Альтея торговалась долго и упорно, но после того, как цена снизилась до сорока сольдо, антиквар больше не уступал.

«Это возмутительно дорого! – бушевала Альтея. – Я заплачу сорок монет, только если получу что-нибудь в придачу – что-нибудь не слишком ценное. Например, вот этот коврик и – почему нет? – пару медных подсвечников».

И снова лавочник не желал расставаться с товаром. Он похлопал ладонью по плетеному коврику из черных, красновато-коричневых и золотисто-рыжих полос: «Это молитвенный ковер плодовитости! Его соткали из лобковых волос девственниц! А подсвечникам шесть тысяч лет – их нашли в пещере первого короля-затворника, Джона Соландера. За табличку, ковер и подсвечники я возьму не меньше тысячи сольдо».

«От меня вы получите не больше сорока».

Лавочник вручил Альтее остро наточенный ятаган и расстегнул ворот, обнажив шею: «Можете зарезать меня на месте – я не перенесу бесчестья столь позорной сделки!»

В конце концов, когда у нее уже голова пошла кругом, Альтея вышла из лавки с подсвечниками, табличкой и ковриком в руках, уплатив – по мнению Хильера – примерно в два раза больше, чем все это стоило. Тем не менее, покупки порадовали Альтею.

На следующий день они пролетели над пропастью Куху на аэромобиле. Ущелье пустовало – горцы поднялись к озеру Пол-Понд, чтобы совершить обряд омовения. Фаты поспешно собрали записывающие приборы, вернулись в космопорт Плэйза и улетели на первом подходящем пассажирском звездолете. Результаты их безрассудного предприятия оказались в высшей степени удовлетворительными. Им удалось зарегистрировать потрясающие последовательности звуков, нарастающие и ниспадающие волны – чего? Переплетенных мелодий? Динамического аккомпанемента к сакральным церемониям? Многоголосного отображения массовых духовных порывов? Никто из музыковедов не мог с уверенностью отнести заслужившие широкую известность «Псалмы Куху» (как их теперь называли) к той или иной классификационной категории.

«Мы больше никогда не отважимся на такую авантюру, – сказала Мэйхаку Альтея. – Так или иначе, с этого началось мое коллекционирование подсвечников.

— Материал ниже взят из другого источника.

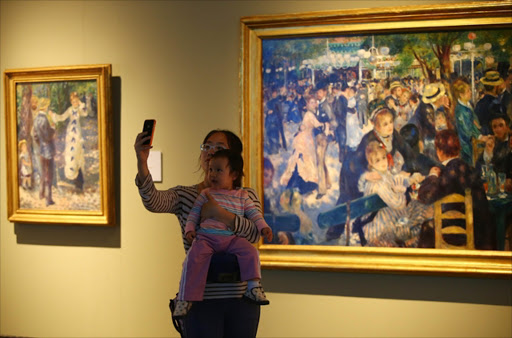 Those of us who want to admire art - like Renoir's 'Dance at le Moulin de la Galette' - in an atmosphere of decorum would like a ban on people taking selfies in museums and galleries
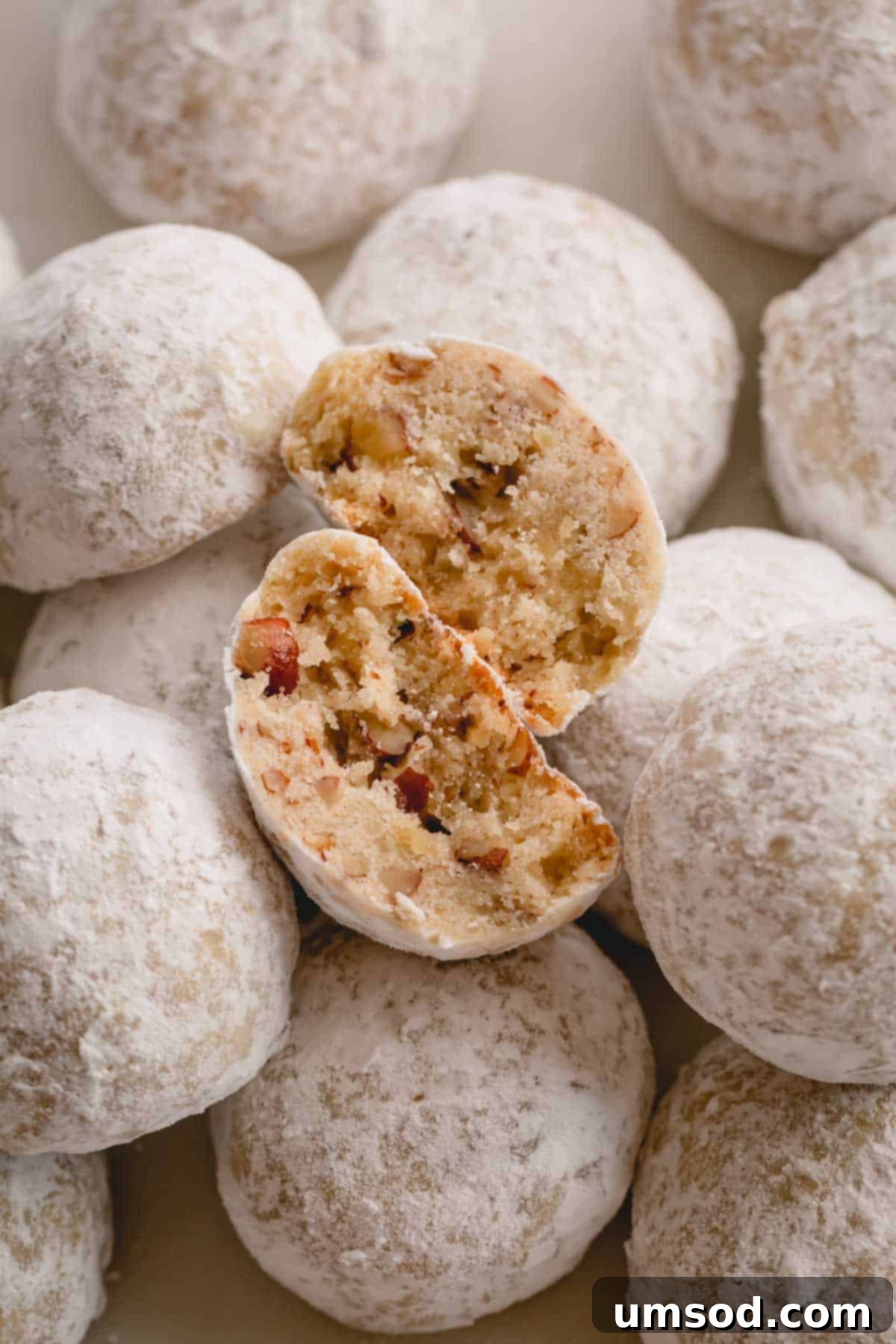A freshly baked Russian Tea Cake cookie, broken in half to reveal its delicate, crumbly texture and bits of toasted pecans inside.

Но довольно говорить обо мне и о моих смехотворных увлечениях! Сыграйте нам еще что-нибудь на квакгорне».

«Не сегодня, – уклонился Мэйхак. – Меня не слушается носовая флейта – воздух проходит мимо трубок и получается какое-то сипение. Правильное уплотнение соединения между ноздрями и трубками называется „носовым амбушюром“. На то, чтобы по-настоящему научиться носовому амбушюру, уходят годы. А если он у меня когда-нибудь на самом деле получится, я буду выглядеть, как летучая мышь-вампир».

«В следующий раз принесите ваш крестострунник, – предложила Альтея. – На нем гораздо легче играть».

«Это правда! От него нос не болит, и не приходится опасаться дьявола Суанеса».

«И все же, продолжайте практиковаться на квакгорне и наращивать репертуар. Если бы вы давали еженедельные концерты в Центруме, мне кажется, вы привлекли бы внимание публики и могли бы неплохо этим зарабатывать».

Хильер усмехнулся: «Если вас снедает жажда известности и весомости, не упускайте такой шанс! Вы не успеете глазом моргнуть, как „Скифы“ зачислят вас членом своего клуба – они обожают показную эксцентричность».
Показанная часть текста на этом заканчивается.